▸ Records provided

———

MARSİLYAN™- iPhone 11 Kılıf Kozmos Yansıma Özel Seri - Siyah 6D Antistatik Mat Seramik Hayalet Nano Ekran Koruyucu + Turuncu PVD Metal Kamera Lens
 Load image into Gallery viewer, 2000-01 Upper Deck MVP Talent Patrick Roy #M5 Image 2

———

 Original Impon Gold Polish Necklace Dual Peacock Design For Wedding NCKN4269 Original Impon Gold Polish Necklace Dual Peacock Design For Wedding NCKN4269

———

▸ Task goal
Please make an exact copy of the lines above from the line with "MARSİLYAN™- iPhone 11" through the line with "Load image into", both ends included.

▸ Exercise solution
MARSİLYAN™- iPhone 11 Kılıf Kozmos Yansıma Özel Seri - Siyah 6D Antistatik Mat Seramik Hayalet Nano Ekran Koruyucu + Turuncu PVD Metal Kamera Lens
 Load image into Gallery viewer, 2000-01 Upper Deck MVP Talent Patrick Roy #M5 Image 2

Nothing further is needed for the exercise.